It’s fair to say that Chanctonbury Ring has a reputation. Eerie stories abound, and some say you’ll summon the Devil if you sprint round this prehistoric hill fort seven times.
It’s an uncanny place at any time of year, but in the blue-skied days of January, the witchy-fingered, winter-bare trees are shrouded with a gentler enchantment.
Visit today, and it’s hard to imagine this ditch-encircled earth rampart without its crown of beeches. But they are a later addition, planted in 1760 by a local aristocrat. (Few remain from that date, however; the Great Storm of 1987 claimed many casualties.) The site’s origins lie much further back, in the late Bronze or early Iron Age. As to its purpose, there’s little agreement: this could have been a defensive position, a stock enclosure or a religious shrine.
Dykes and barrows
Abandoned in the mid-fourth century BC, the hill was in use again 500 years later, this time as a place of worship.
The remains of its two Romano-Celtic temples are buried beneath the ground, but archaeological digs have unearthed window glass, oyster shells, coins and pottery shards. The discovery of numerous pig skull and jaw fragments at one of the temple sites have led to suggestions it may have been dedicated to a boar cult.

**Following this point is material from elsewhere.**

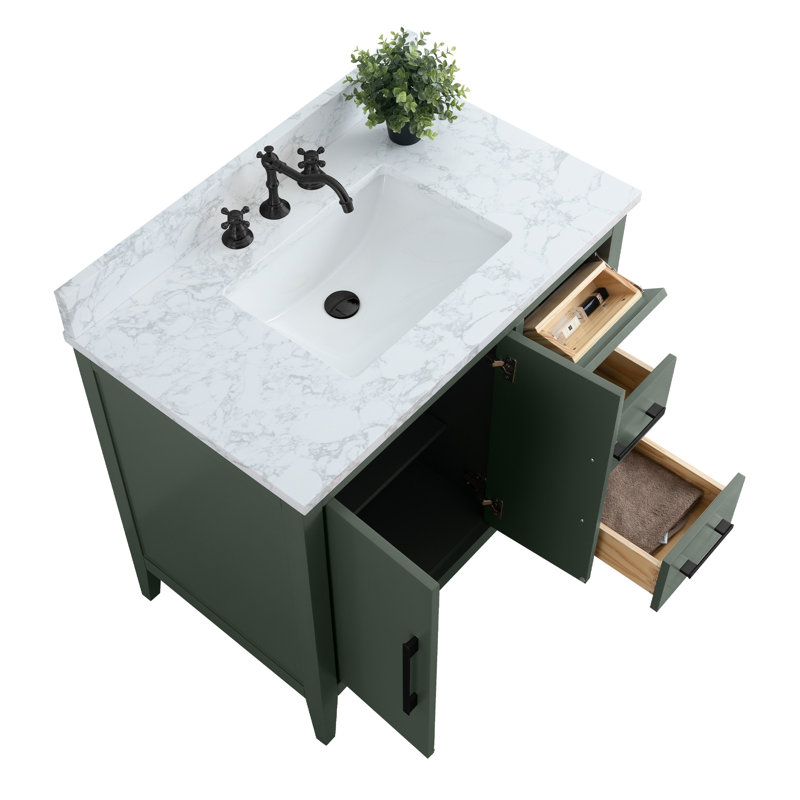 Ensemble de meuble-lavabo simple 36 po, Vert rétro, Noir mat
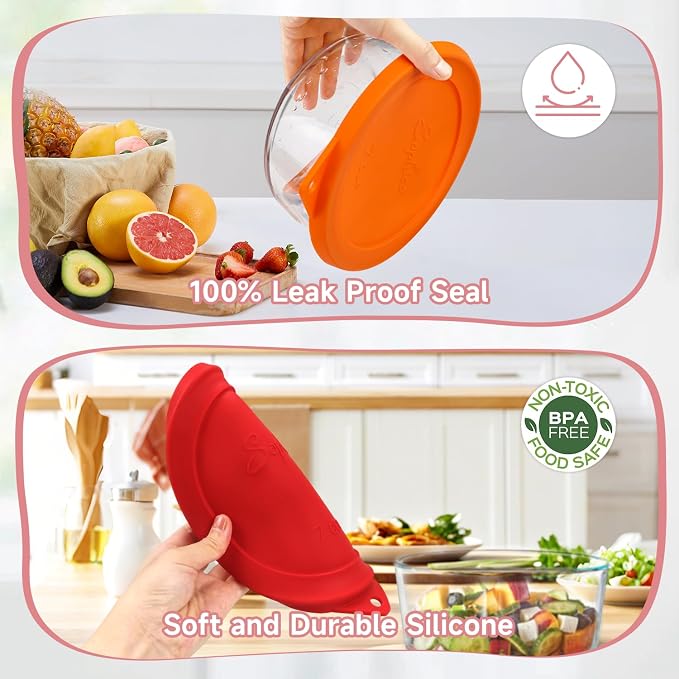 SOPHICO 7Cup Round Silicone Lid Replacement for Pyrex&AnchorHocking 7402-PC | Food Grade Silicone, Leakproof、Airtight Lids, Dishwasher Microwave Safe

Chanctonbury Ring is one of a number of important archaeological sites in the area, and various ancient dykes and barrows can be found nearby. These include rare saucer barrows and hlaews (burial monuments), which were built as the final resting place for high-ranking individuals in Anglo-Saxon or Viking times. Human remains were found in another barrow 400m to the west of the fort, together with an early-Bronze-Age dagger. Sadly, medieval grave robbers are thought to have made away with many more finds.
Creatures of the hill
The past is palpable in this place, but even in the middle of winter there’s activity, too. Raptors float high above the hill: buzzards, peregrines, the occasional hen harrier and hobby. Redwings, fieldfares and waxwings scavenge busily for the last remaining berries, and a brown hare might be glimpsed among the winter stubble – a magical midwinter sight. And, says South Downs National Park lead ranger Tom Parry, “If you wrap up warm and stay out till dark, you’ll likely see barn owls quartering the field margins in the full moon, and perhaps even a woodcock flitting like a ghost into the darkness.”